=== Exercise data ===

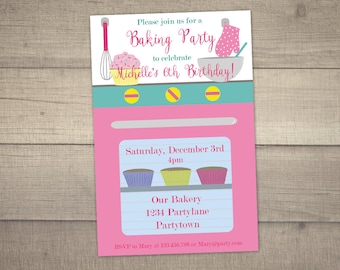Baking Party Invitation , Cake Decorating Party , Baking Birthday Invitation, Cooking Invitation , digital file.With FREE Thank You card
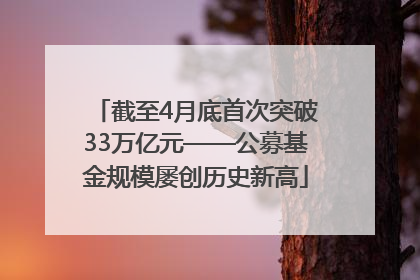截至4月底首次突破33万亿元——公募基金规模屡创历史新高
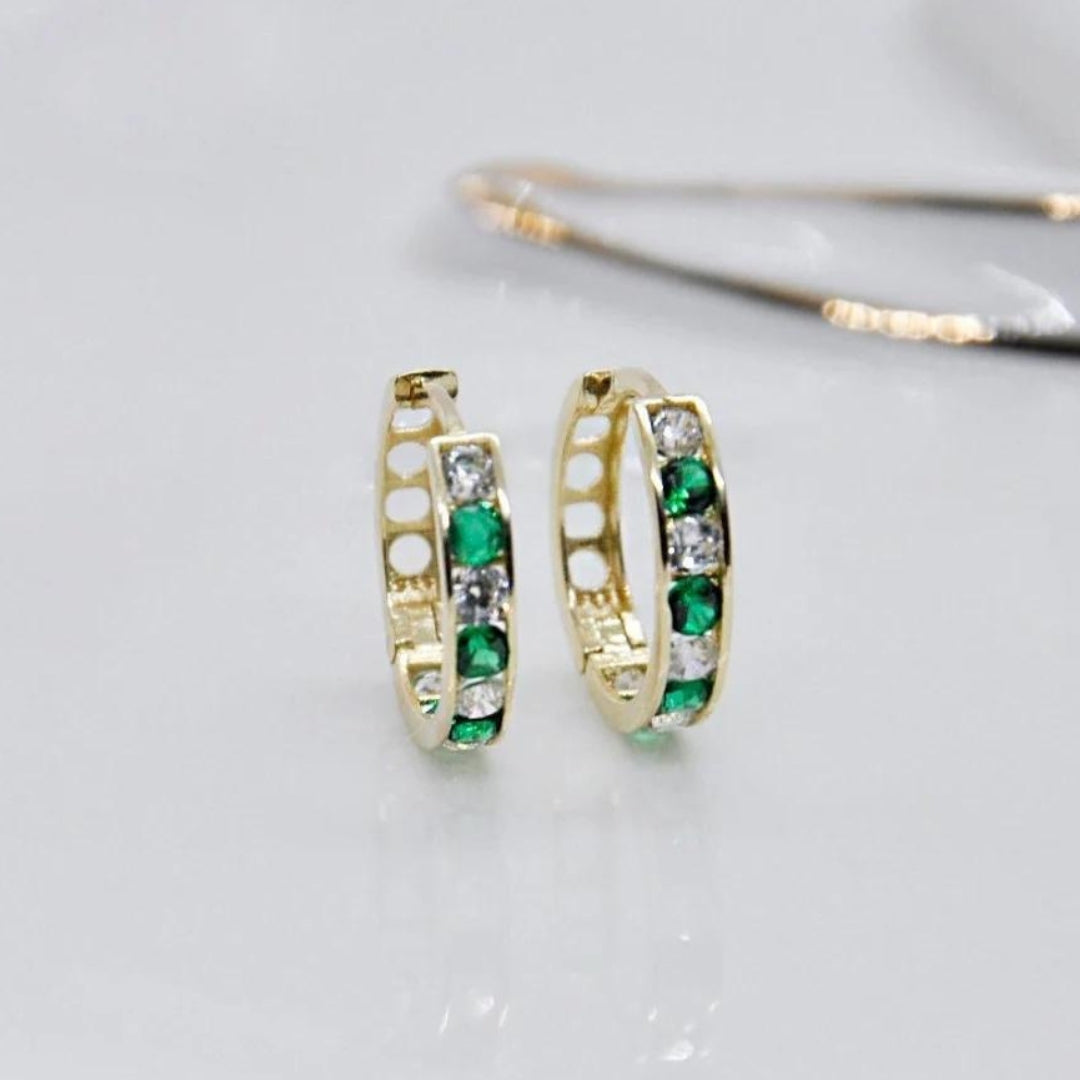 Green Crystal with Zirconia in Gold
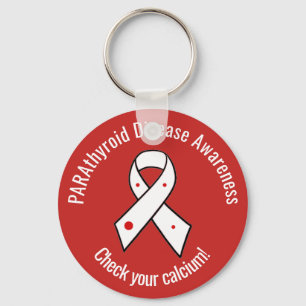 Parathyroid Disease Awareness Ribbon Keychain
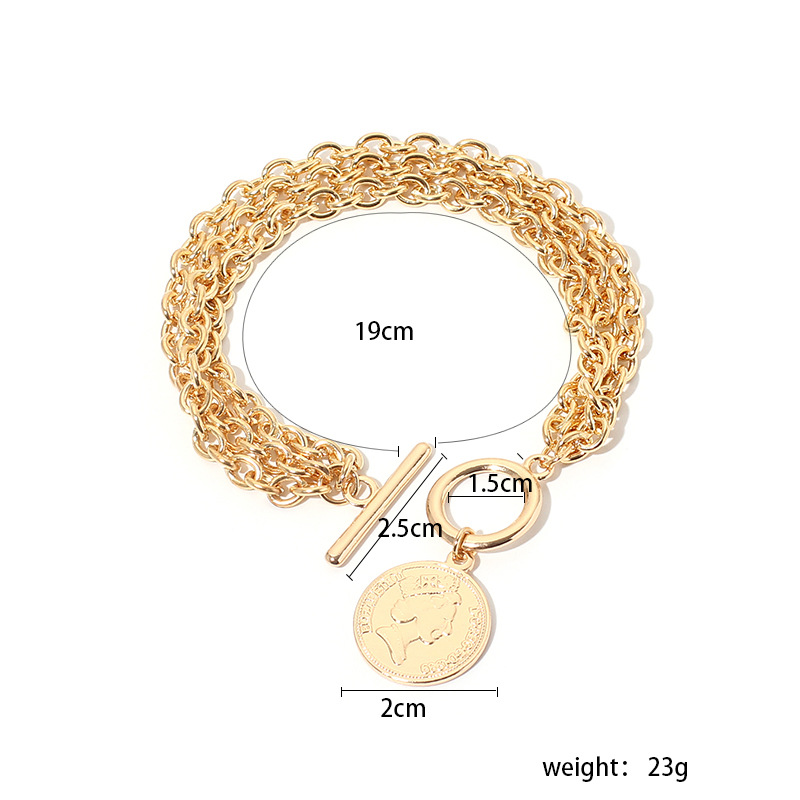 28g Weight Bracelets Classification Business, Travel Occasion Women'S Gender Gold, Silver Color Fashion Metal Hip-hop Bracelet 无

===

Copy the lines of the records, beginning where the line containing "Parathyroid Disease Awareness" appears and continuing through the final line, exactly and with no pictures.

 Parathyroid Disease Awareness Ribbon Keychain
 28g Weight Bracelets Classification Business, Travel Occasion Women'S Gender Gold, Silver Color Fashion Metal Hip-hop Bracelet 无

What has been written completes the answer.